Despite not being a member, Norway is Europe’s absolute energy guarantor after the invasion of Ukraine: it supplies 51.8% of the pipeline gas and 14.6% of the crude oil consumed by the EU. Precisely for this, the internal opposition is fierce. Columnist Hans Christian Hansen warns in the financial journal Finansavisen that the EU is losing technological ground to the US and Asia. According to Hansen, while the US uses energy to attract industry, the EU uses it to “self-regulate with increasing rigor” and promote projects of uncertain profitability such as offshore wind. The question he asks his compatriots is brutal: “Do we want to link our energy policy, our industry and our future to a team that is already losing?”

Switzerland: The pragmatic path and bilateral agreements

Unlike the Nordics, Switzerland does not contemplate full accession so as not to compromise its historical neutrality, but it is making progress in its economic and technological integration. President Ursula von der Leyen and Swiss President Guy Parmelin They signed the “Bilateral III” package. This framework modernizes agreements on transport and free movement, and adds crucial pacts on health, food security and Swiss participation in the European space agency and the Horizon Europe and Erasmus+ programmes. In addition, it will allow it to fully enter the internal electricity market in the EU.

The objective of the Federal Council is “stabilize and future-proof the proven bilateral track“. The Federal Council approved the sending of this package to the Parliamentor, proposing to subject it to an optional referendum to guarantee its democratic legitimacy on sensitive issues such as salary protection. Switzerland’s weight is undeniable: in 2023, bilateral trade in services reached €245 billion, representing almost 9% of the EU’s total services trade.

Forecasts in sight?

The geopolitical board will continue to move. If Iceland eventually joins the EU, the pressure on Norway will be immense. As conservative leader Søreide arguesNorway would be in a “completely different situation” if its EFTA partner makes the leap.

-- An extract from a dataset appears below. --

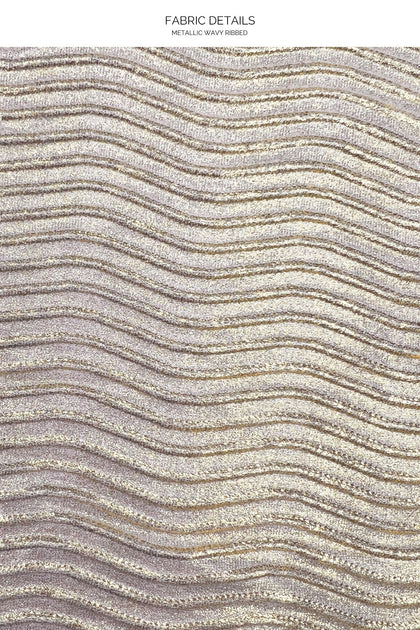 GOLDEN LULI - Minimal Balconette Top & High Leg Brazilian Bottom • Gold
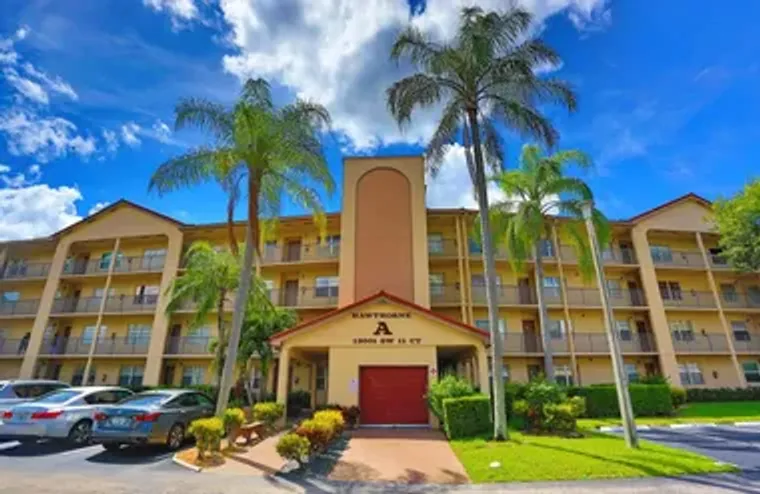13001 SW 11TH CT APT 307, PEMBROKE PINES..., Pembroke Pines, FL 33027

For its part, Switzerland faces internal challenges, driving votes to limit its population to 10 million in 2027, which would clash with the free movement of Brussels.

Ultimately, the global storm has returned Europe to its most primal instincts of survival and cooperation. Iceland, Norway and Switzerland look at the map and understand that absolute isolation is a dangerous luxury. The big question is no longer whether they need Europe, but what price for their identity, their energy and their sovereignty they are willing to pay to protect themselves from chaos.

To facilitate the integration of these countries, the idea of ​​a “two-speed Europe” is beginning to gain strength. As he explains Vermes, six of the largest economies in the EU (Germany, France, Italy, the Netherlands, Poland and Spain) have formed the “E6” group with the aim of promoting joint decisions and circumventing veto blocks from the rest of the states. This restructuring of the community system could allow countries like Iceland or Norway to integrate with fewer commitments in certain areas, although losing their voting capacity in areas where they do not participate.